David: In 1983 I went back to England, hoping to get a job. I had been in India seven years, and for most of the previous five years I had been supported by Ramanasramam because I had been doing various jobs for them - running their library, editing their magazine, and so on. I wanted to come back to India with enough money to be financially independent. I wanted to live outside the ashram, supporting myself, and I wanted to spend more time meditating, without being dependent on an institution for food and accommodation. Well, it didn't work out. No one wanted to hire me to do anything. I sent off lots of applications for jobs that I was eminently qualified to do and either received no reply at all, or I received rejection letters that were downright offensive. I had started and run a library in India for five years, but when I applied for a job to run a private library that was smaller than the one in Tiruvannamalai, I received a reply that said: 'Dear Mr Godman, Thank you very much for your very entertaining application. However, we would prefer to engage someone who is qualified to do the job.' This went on for months. I even blew an interview to pick up litter because I laughed at the wrong moment. Bhagavan says in Maharshi's Gospel that if you are destined to work, you cannot avoid it, and if you are destined not to work, no matter how hard you look for a job, no one will hire you. That was my situation in the summer of 1983. What I didn't realise at the time was that Bhagavan had other plans for me. The landlord of the house where I was staying was a philosophy lecturer in Leicester University, and so was his wife. He had just delivered a manuscript his wife had written to the editor of a London publisher.

When she discovered that he too was a philosophy lecturer, she had said, 'Why don't you write a book for us as well. We are always looking for new books on philosophy.'

I perked up when I heard this. This was something I could do. I called up the editor and asked if she wanted a book on Ramana Maharshi. Her reply astounded me:

'Come to my office at once. Don't go anywhere else. We want you. Come right now.' After months and months of rejections, this was an astounding turn of events. I thought up a quick plan for a book and discussed it with her a few hours later. She checked on the sales figures of the few other books on Ramana that had been published in the West and said, 'We'll do it'. It was as simple as that. I was given a contract and sent off to India to put together Be As You Are. I was astonished because I had been brought up believing one of the standard myths of authorship. The would-be writer spends months or years writing a book. He or she then spends just as long sending the manuscript off to various publishers, who all reject it. Then, if he or she is lucky, the 101st publisher finally says 'Yes'.

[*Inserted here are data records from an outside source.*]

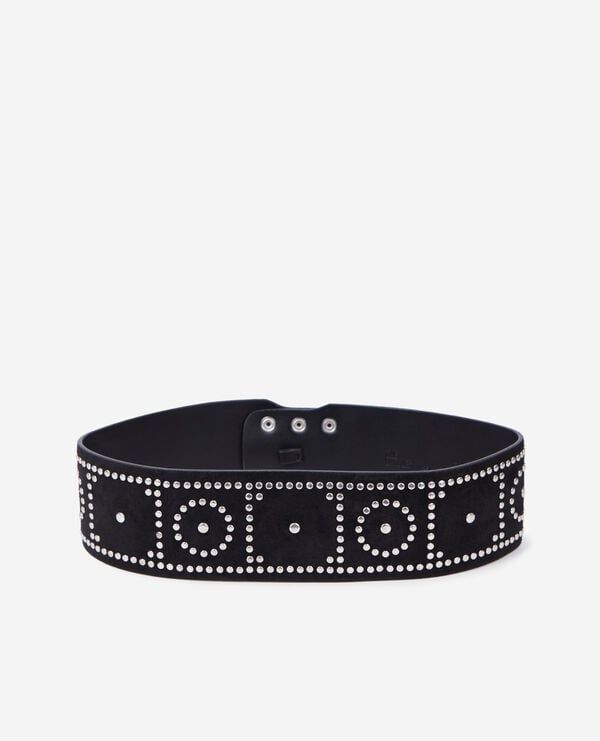 The Kooples F BLACK wide black leather belt with studs
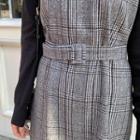 Sleeveless V-neck Glen-plaid Midi Dress With Belt Black - One Size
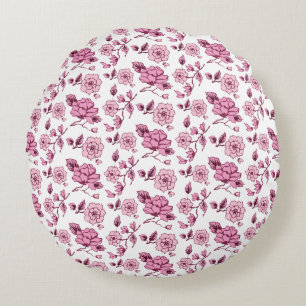 Coussins Ronds Magnifique conception florale botanique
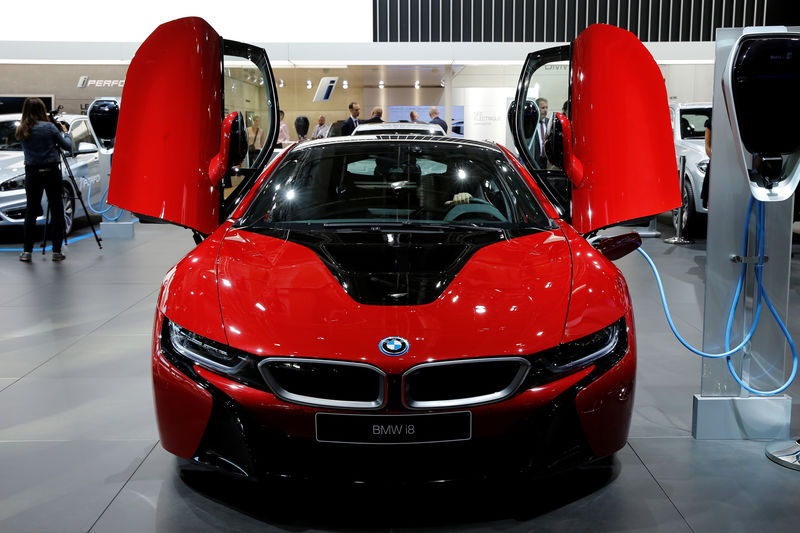 © Reuters. The BMW i8 car is displayed on media day at the Paris auto show, in Paris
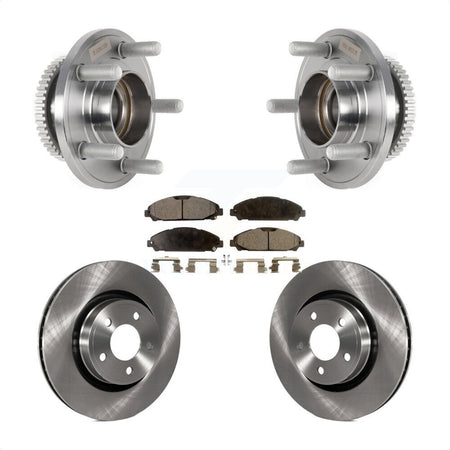 Front Hub Bearing Assembly Disc Brake Rotors And Semi-Metallic Pads Kit For Ford Mustang KBB-126435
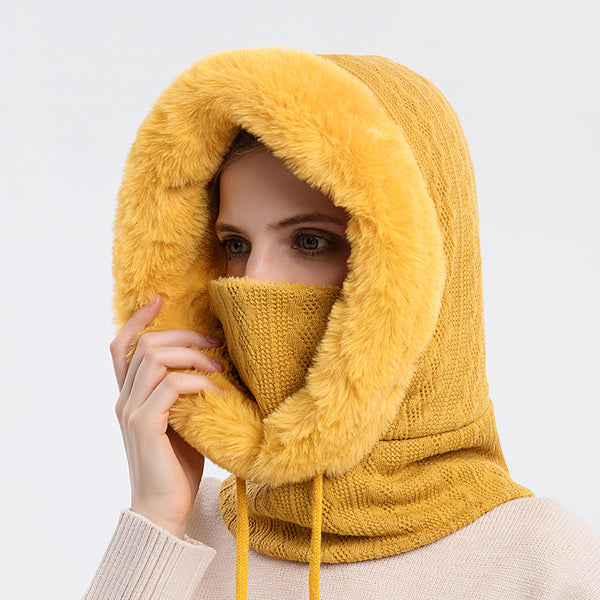 Women's Plush Hooded Hat with Scarf-Splashis, Turmeric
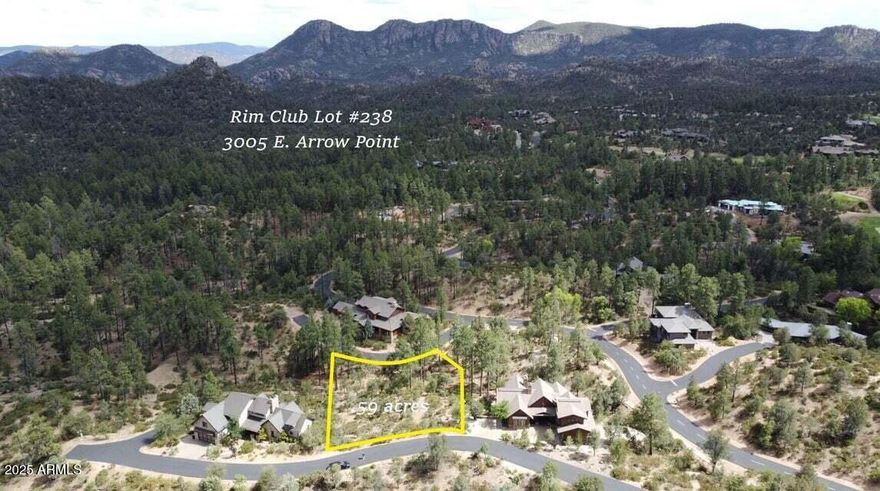 Positioned above the pines on .59 acres, this view lot surveys Monument Peak, the Stewart Mountains, and an expanse of Tonto National Forest, a backdrop that changes with every season. The site is nicely wooded with a favorable slope, inviting architecture that steps lightly with the land and frames wide, southeast-leaning panoramas.
This is a build-to-suit opportunity: collaborate with Integra to refine orientation and a modern mountain plan. As an added benefit, the seller will credit $7,500 toward the Sports Membership initiation fee at close of escrow.
We'll review early budgets so you can move forward with confidence. Seller will carry the financing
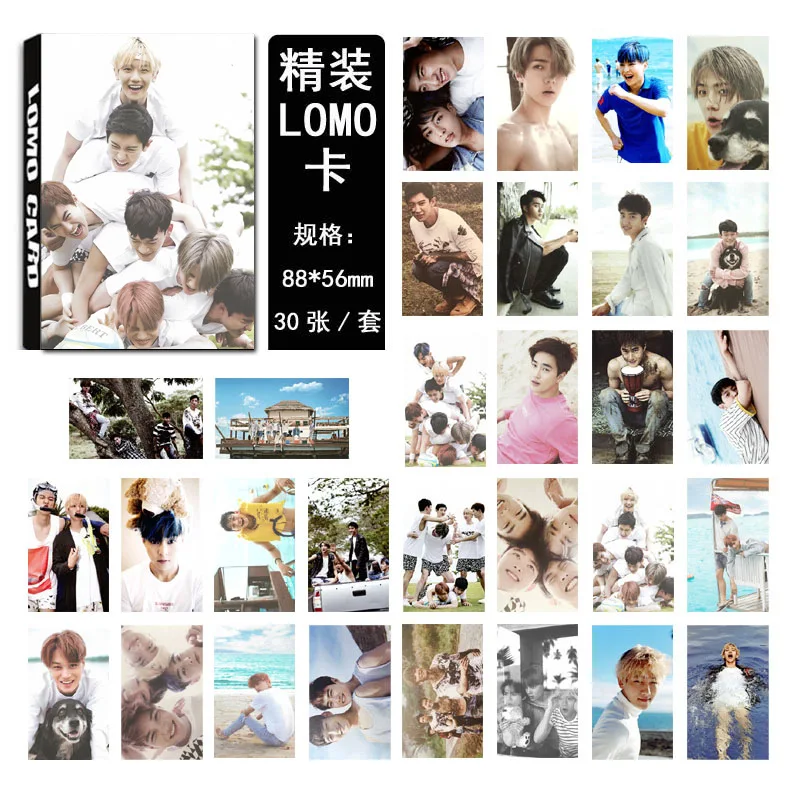 30Pcs/set KPOP EXO Photocard Team 11 Album Universe The War Collection HD kpop EXO Photo Card Self Made LOMO Card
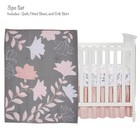 Lambs   Ivy Petals Gray pink Sateen Cotton Floral 3-piece Baby Crib Bedding Set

It was my destiny to come back to India and write books on Bhagavan, his teachings, and his disciples. When I tried to do something else, I couldn't make it happen.

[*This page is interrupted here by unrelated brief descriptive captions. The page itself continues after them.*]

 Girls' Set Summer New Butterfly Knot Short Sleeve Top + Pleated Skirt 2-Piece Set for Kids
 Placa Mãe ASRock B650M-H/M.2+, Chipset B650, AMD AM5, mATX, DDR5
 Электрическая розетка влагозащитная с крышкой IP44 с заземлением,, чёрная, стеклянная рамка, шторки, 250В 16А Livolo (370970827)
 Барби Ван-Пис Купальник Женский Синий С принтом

When I went to Lakshmana Ashram in 1982, it was to get away from the writing and editing work I was doing for Ramanasramam. Within a couple of weeks I was writing a book there. When I went to England the following year, hoping to generate enough cash so that I wouldn't have to do writing work in India, I ended up coming back with a contract for a book on Bhagavan. That has been my work, my destiny, more or less ever since. Nowadays, I don't try to fight it. I enjoy it.